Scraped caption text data
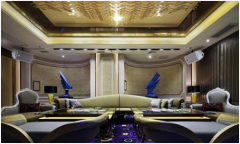 娱乐场所病媒消杀防治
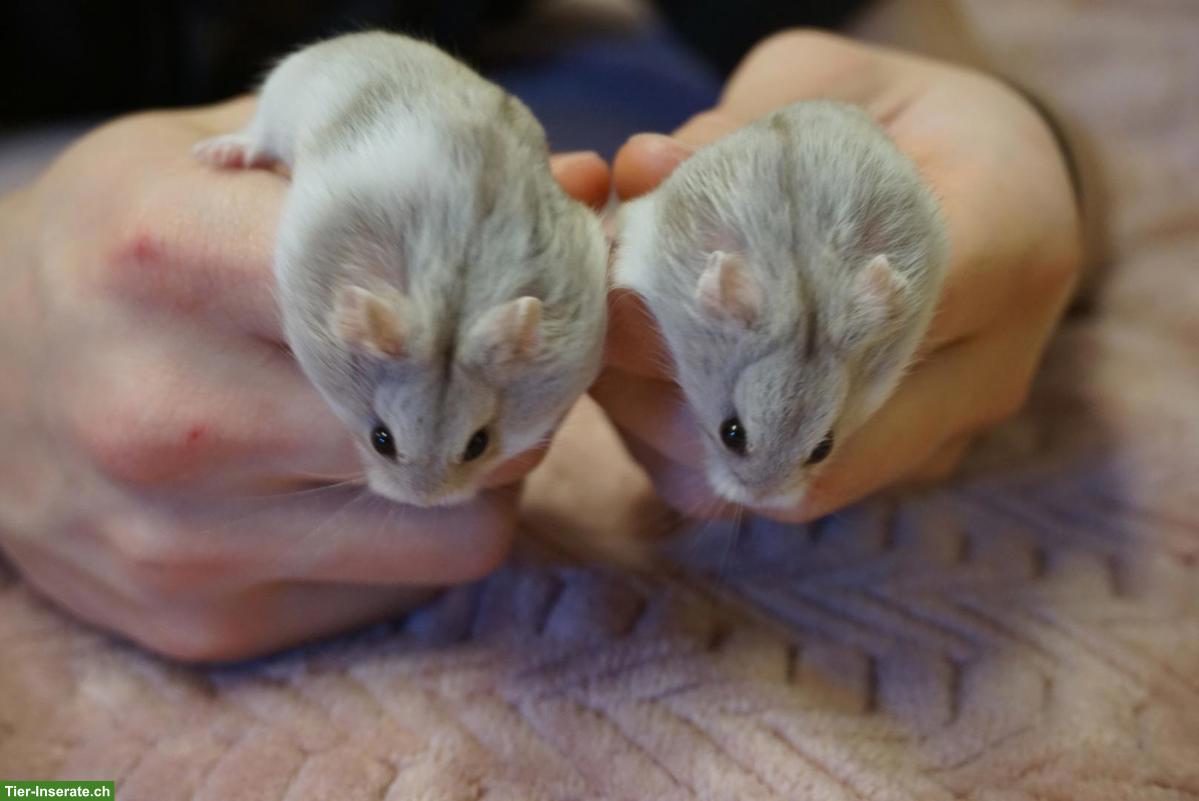 🐹 Campbell Zwerghamster gesucht❤️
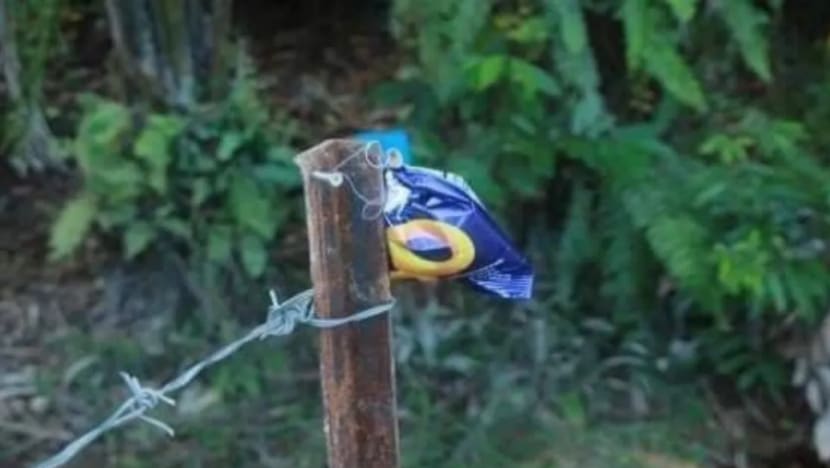 Suspek kes keropok beracun dibebaskan dengan jaminan polis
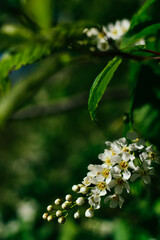 Close up white flowers bloom in spring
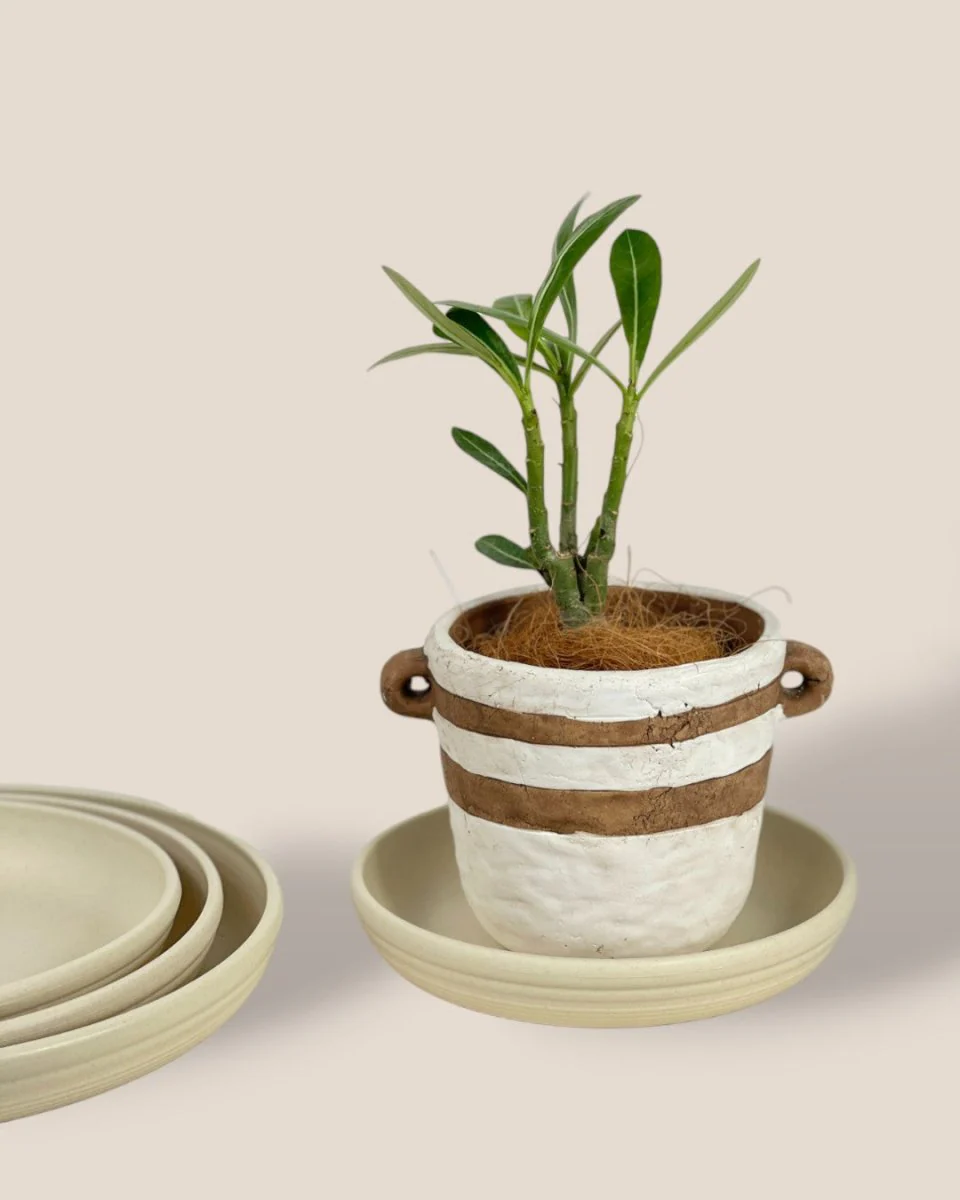 Plant Trays (Cream) - Image 4
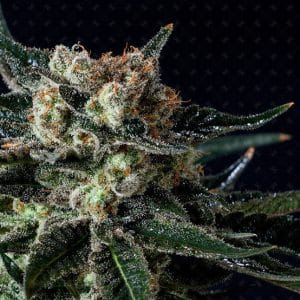 Black Diesel by Genofarm Seeds – Good for outdoor grow – High CBD – Orange – image 1 – Seed City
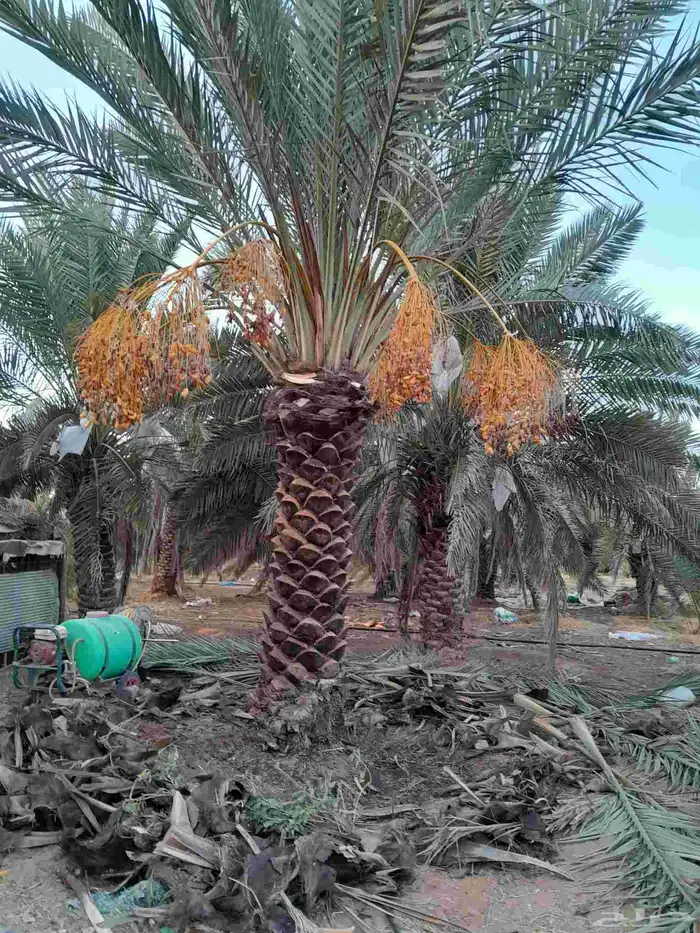 نخل اللبيع في الدوادمي 6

What to do
Please retype, exactly and with the pictures left out, the lines from the line containing "Close up white flowers bloom in spring" through the last line of the records above.

Task solution
 Close up white flowers bloom in spring
 Plant Trays (Cream) - Image 4
 Black Diesel by Genofarm Seeds – Good for outdoor grow – High CBD – Orange – image 1 – Seed City
 نخل اللبيع في الدوادمي 6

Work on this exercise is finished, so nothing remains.